Can only read once after flush

Opened this issue · 0 comments

`use std::io::{Read, Write};

fn main() {

// create an encoder
let mut enc = lz4::EncoderBuilder::new()
    .build(Vec::new()).unwrap();

// write 'a' 100 times to the encoder
let text: Vec<u8> = vec!['a' as u8; 100];
enc.write_all(&text[..]).unwrap();

// flush the encoder
enc.flush().unwrap();

// create a decoder wrapping the backing buffer
let mut dec = lz4::Decoder::new(&enc.writer()[..]).unwrap();

// read from the decoder, buf_size bytes at a time
let buf_size = 10;
let mut buf = vec![0; buf_size];

let expected_reads = 10;
let mut num_reads = 0;

while let Ok(n) = dec.read(&mut buf[..]) {
    if n == 0 {
        break;
    }
    num_reads += 1;
}

assert_eq!(num_reads, expected_reads);

}`

In this code, 100 bytes of data is encoded and then the std::io::Write::flush() function is used on the encoder.
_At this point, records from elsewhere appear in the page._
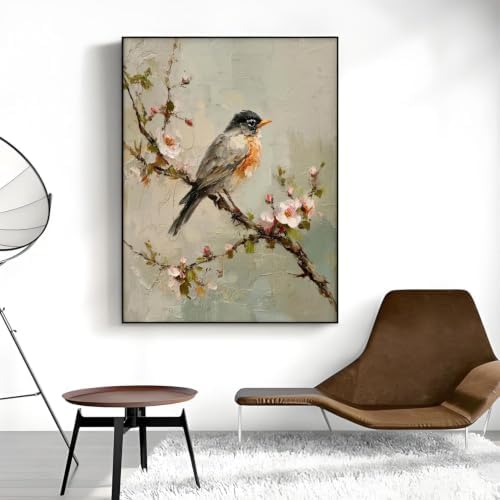 Vintage Birds Flowers Paint by Numbers Kit for Adults Canvas, Frameworkless - Image 5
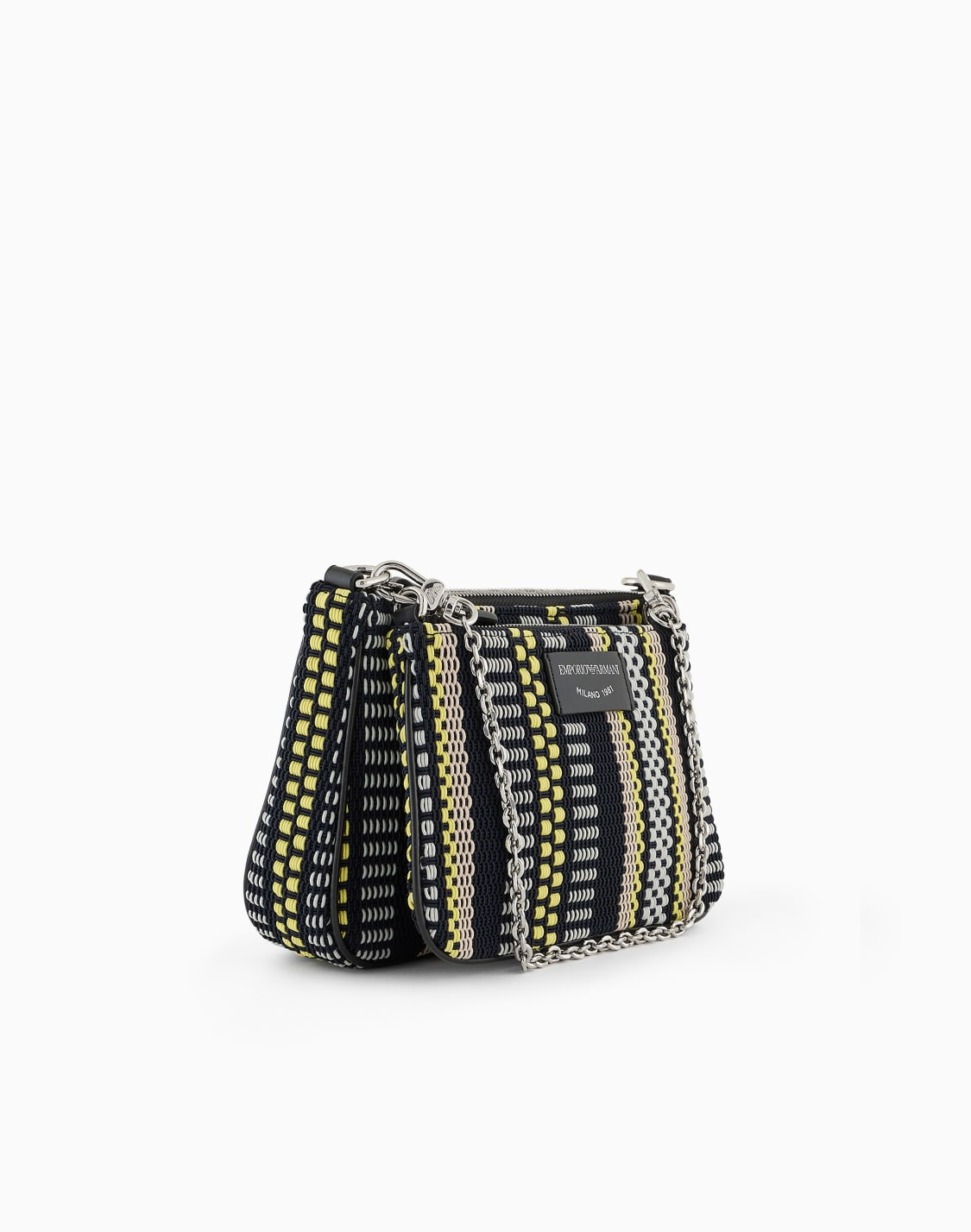 mini-bag-doppia-a-tracolla-in-stuoia-intrecciata-nero--emporio-armani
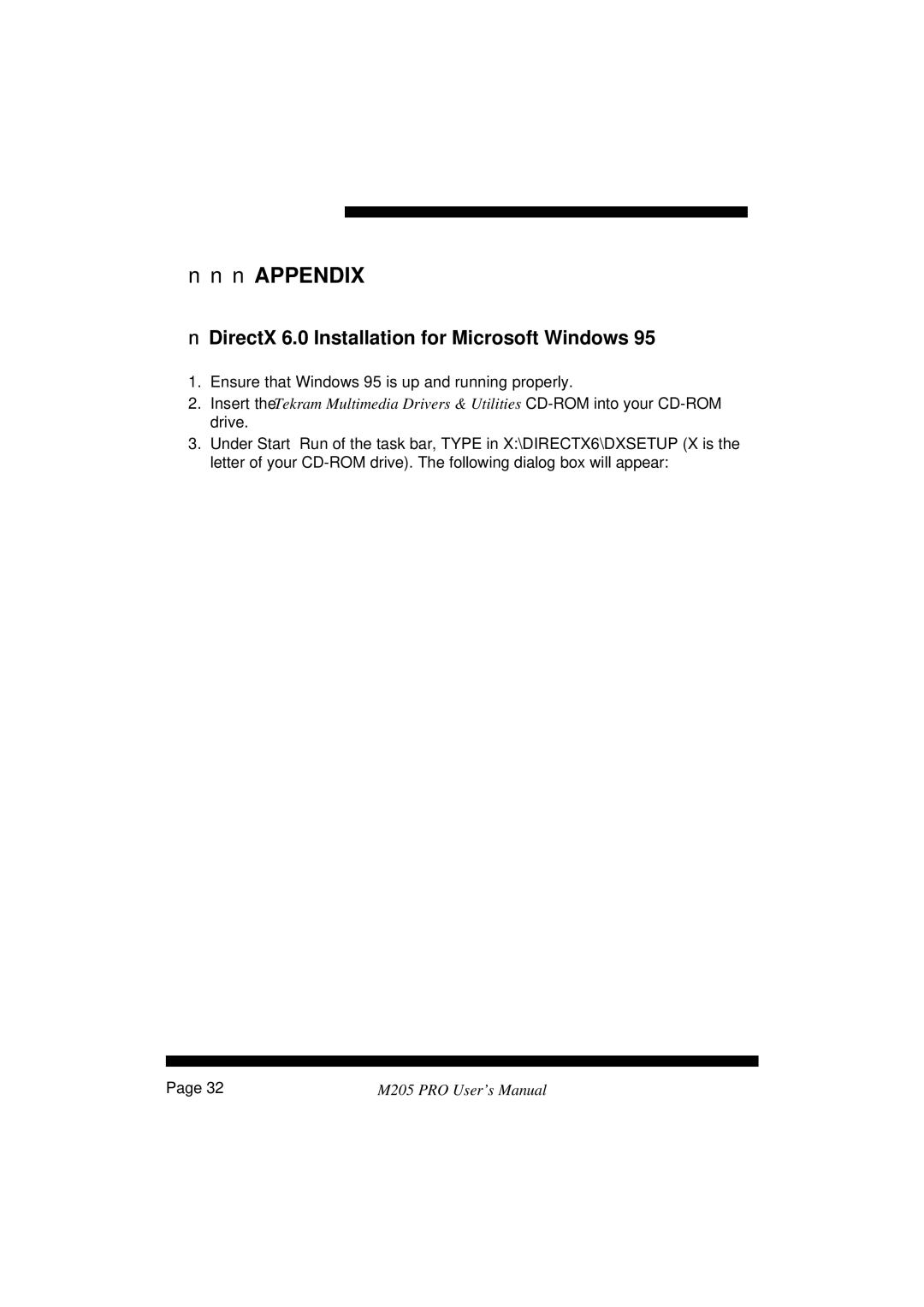 Tekram Technology M205 manual N Appendix, DirectX 6.0 Installation for Microsoft Windows 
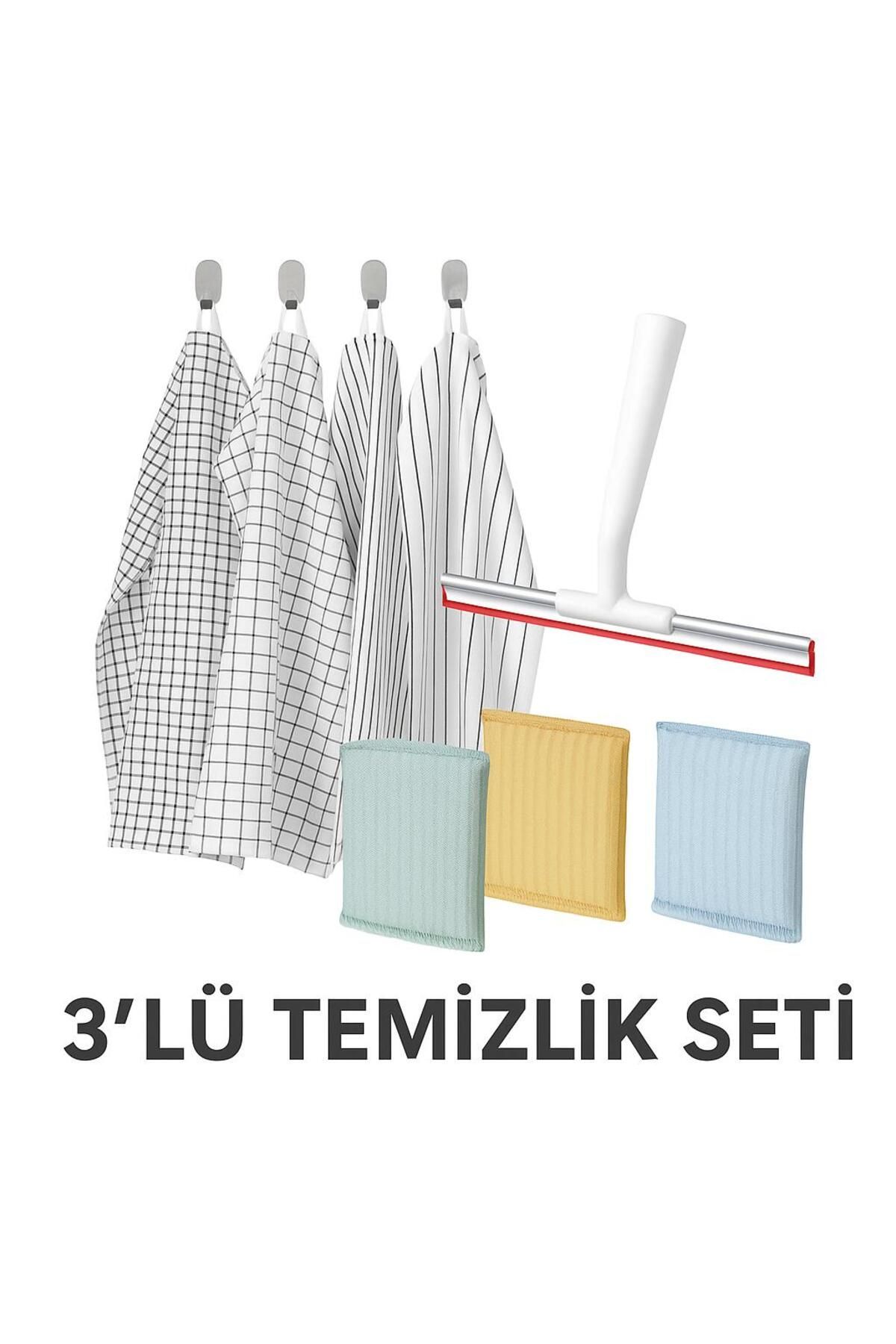 IKEA 3'lü Temizlik Seti | RINNIG 4'lü Temizlik Bezi + LILLNAGGEN Cam Silecek + PEPPRIG 3'lü Sünger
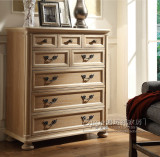 美式法式原木色复古八斗柜卧室风化白收纳柜欧式抽屉玄关装饰柜子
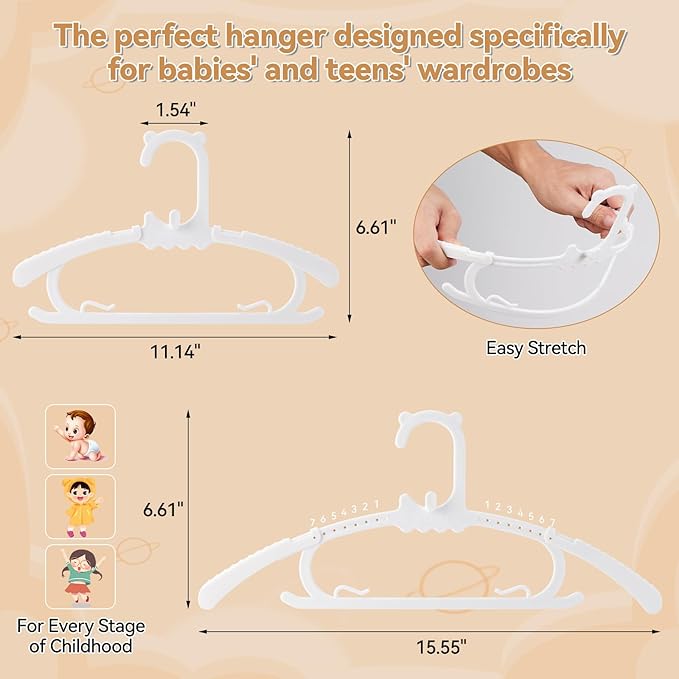 30 Pack Baby Nursery Closet Hangers,Extendable from 11.14"-15.55",Stackable Non-Slip Hangers for Children's Clothes. Adjustable for Infants, Toddlers and Children.Ideal for Laundry Closets.(White)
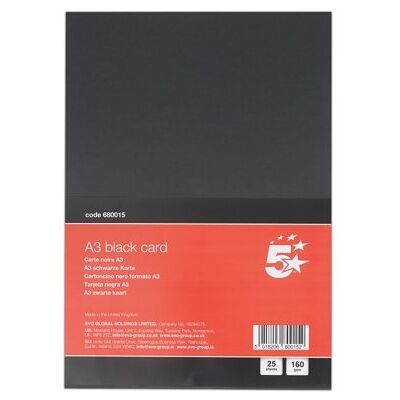 5 Star A3 Black Card 160gsm Pack of 25 FS680015 5 Star A3 Black Card 160gsm Pack of 25 FS680015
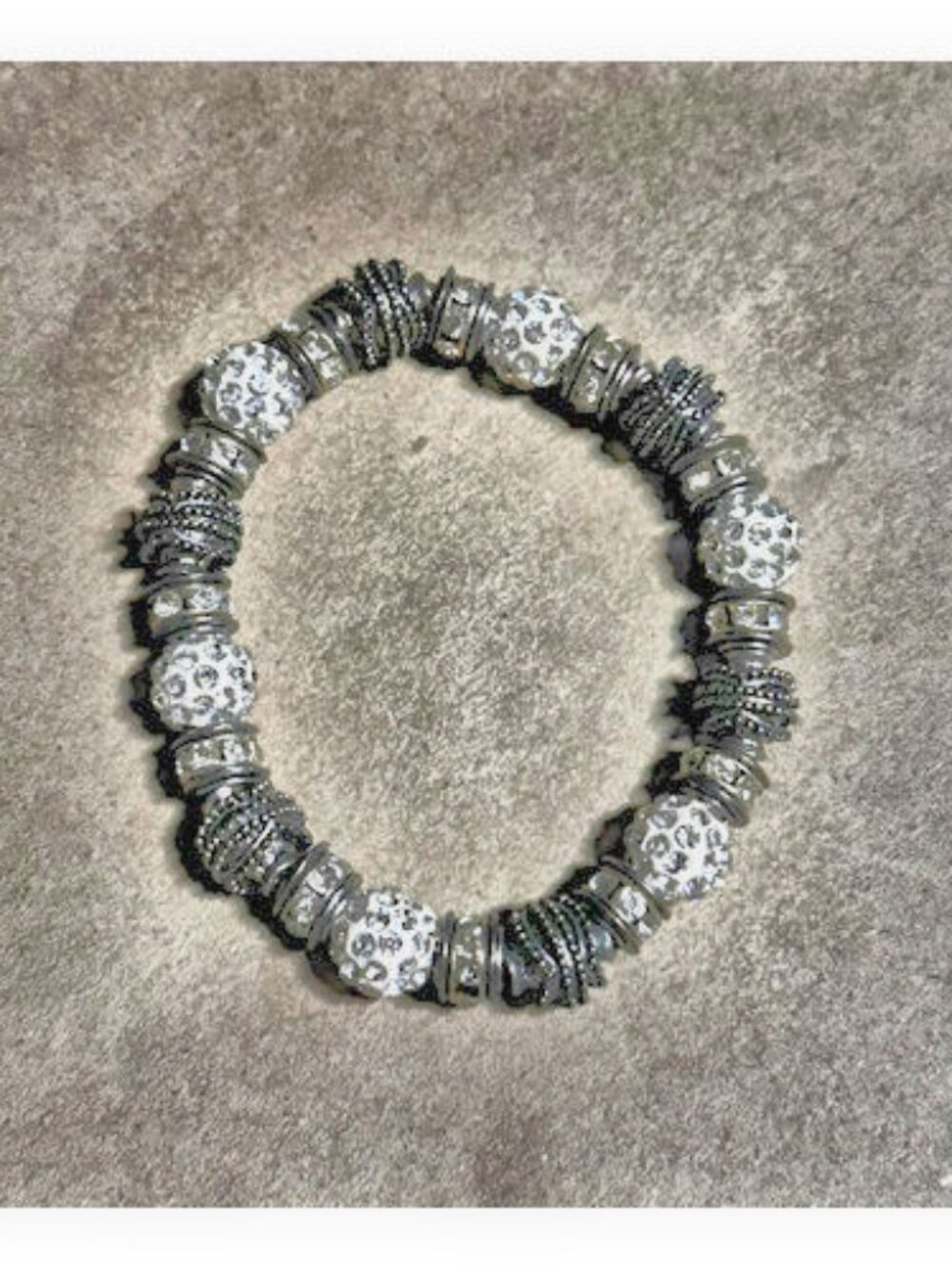 Chunky Beaded Bracelets, SIlver Metal, White Beads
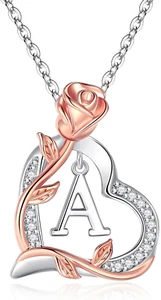 Rose Heart Initial Necklaces for Girlfriend Trendy Letter Love Pendant Silver Ne - Picture 1 of 12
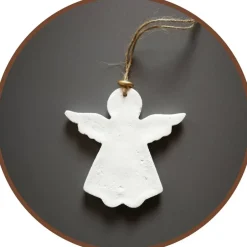 Sale XL Anhänger Deko Winter Weihnachten | 11 cm | weiß gold | Engel Baumschmuck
Then, a Decoder is created around the backing buffer to read the data. I expected the Decoder to read all 100 bytes and in this case, it would have made 10 read calls, each of which consumes 10 bytes. However, the observed behavior is that the Decoder returns exactly one successful read, and then never reads again. It doesn't matter the number of bytes read, buf_size could be set to 1 or 99, and then only 1 byte or 99 bytes would be read out, then nothing else would be read.

This issue was reproduced on other types of IO, like TcpStreams.

I also noticed that if the total data encoded was small enough, roughly <30 bytes, then the Decoder would perform multiple reads, and this issue would not occur.

When swapping out your lz4 Decoder with a different rust lz4 decoder implementation, I was able to read out all the bytes, which leads me to believe there is an issue in the Decoder, not the Encoder.